Work request: Print out the data below in full and exactly, skipping the pictures.

Stored data entries
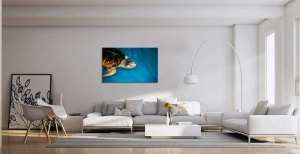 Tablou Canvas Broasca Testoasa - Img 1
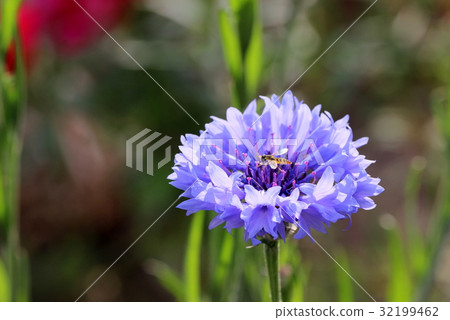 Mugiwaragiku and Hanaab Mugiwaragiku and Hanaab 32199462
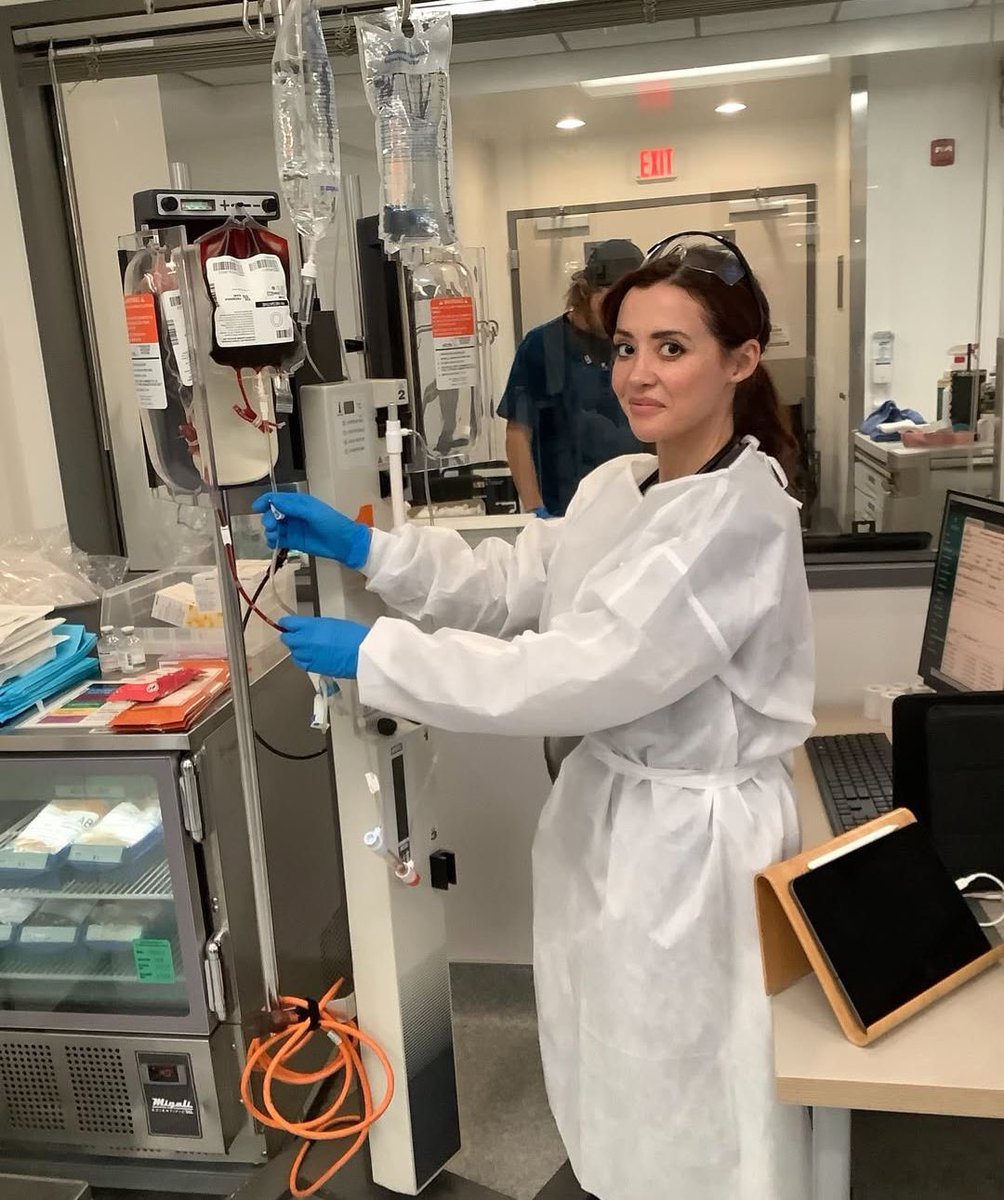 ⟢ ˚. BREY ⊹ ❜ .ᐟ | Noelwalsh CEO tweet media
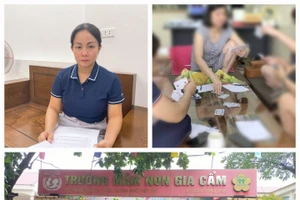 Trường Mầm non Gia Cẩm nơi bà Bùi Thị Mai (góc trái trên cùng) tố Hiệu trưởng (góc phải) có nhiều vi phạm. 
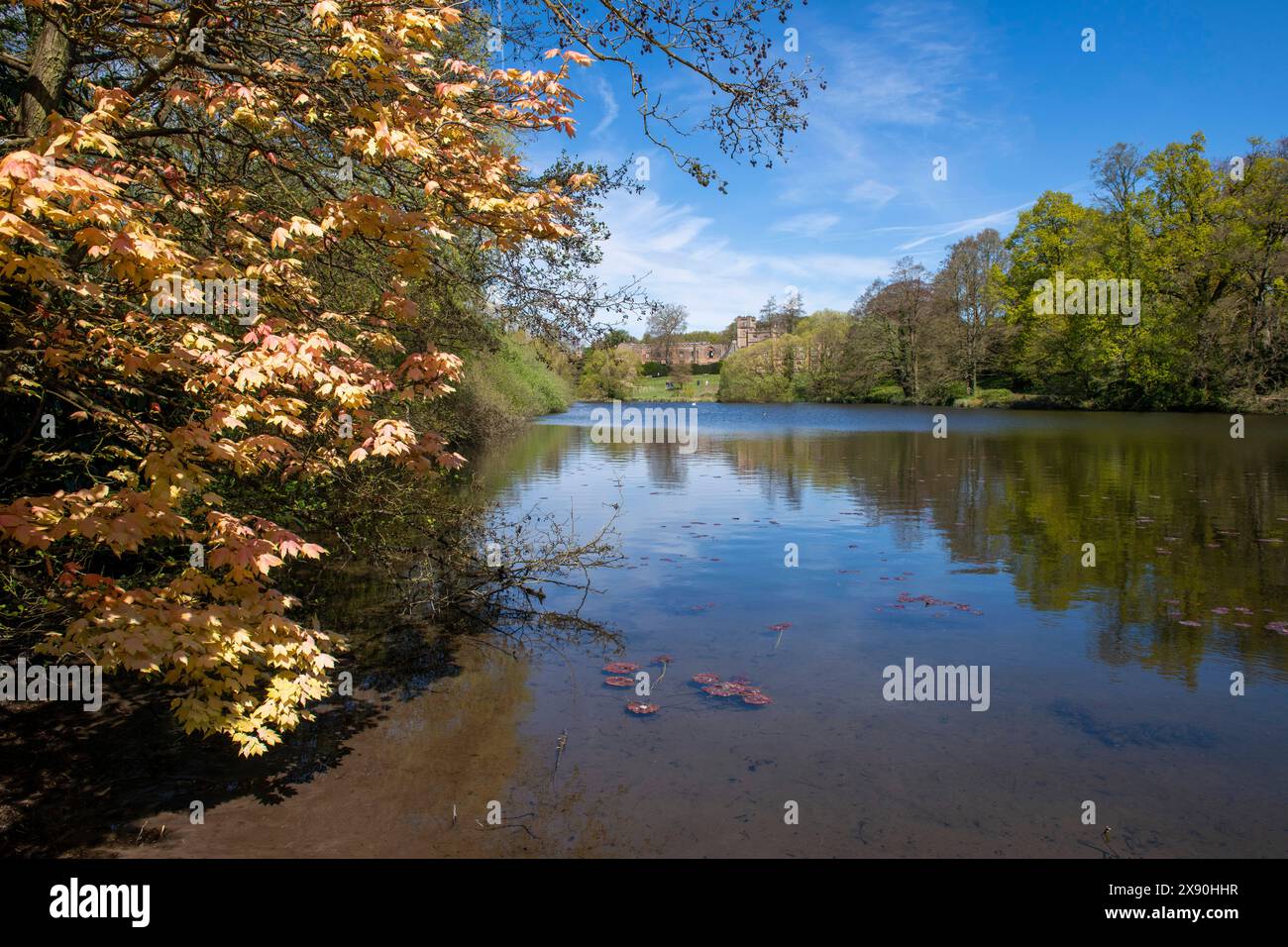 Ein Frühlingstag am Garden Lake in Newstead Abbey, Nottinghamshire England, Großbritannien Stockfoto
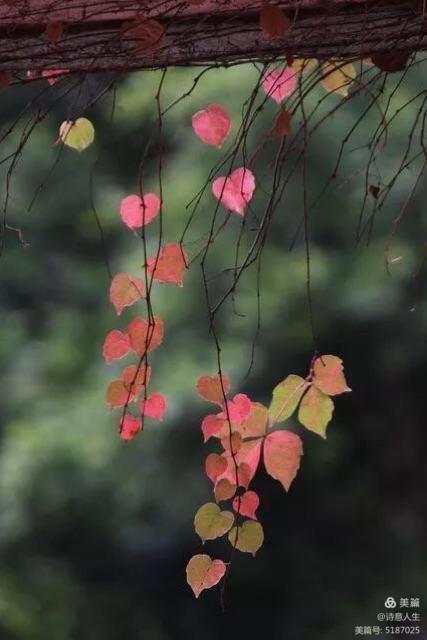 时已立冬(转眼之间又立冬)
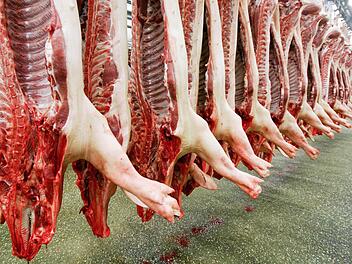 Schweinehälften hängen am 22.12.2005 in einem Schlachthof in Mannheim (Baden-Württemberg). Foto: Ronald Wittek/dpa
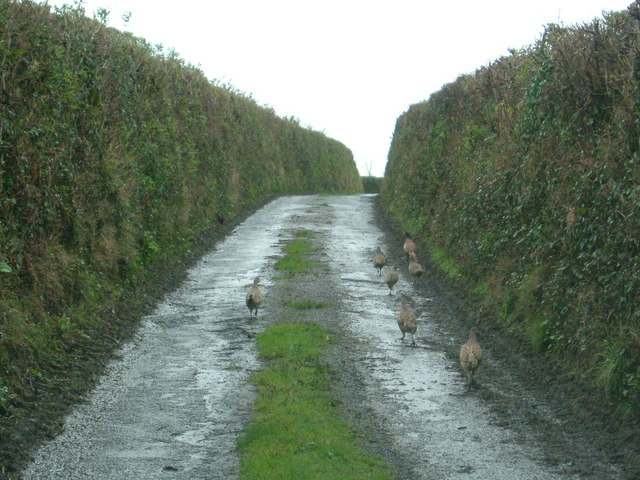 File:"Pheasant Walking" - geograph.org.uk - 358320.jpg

Expected answer:
 Tablou Canvas Broasca Testoasa - Img 1
 Mugiwaragiku and Hanaab Mugiwaragiku and Hanaab 32199462
 ⟢ ˚. BREY ⊹ ❜ .ᐟ | Noelwalsh CEO tweet media
 Trường Mầm non Gia Cẩm nơi bà Bùi Thị Mai (góc trái trên cùng) tố Hiệu trưởng (góc phải) có nhiều vi phạm. 
 Ein Frühlingstag am Garden Lake in Newstead Abbey, Nottinghamshire England, Großbritannien Stockfoto
 时已立冬(转眼之间又立冬)
 Schweinehälften hängen am 22.12.2005 in einem Schlachthof in Mannheim (Baden-Württemberg). Foto: Ronald Wittek/dpa
 File:"Pheasant Walking" - geograph.org.uk - 358320.jpg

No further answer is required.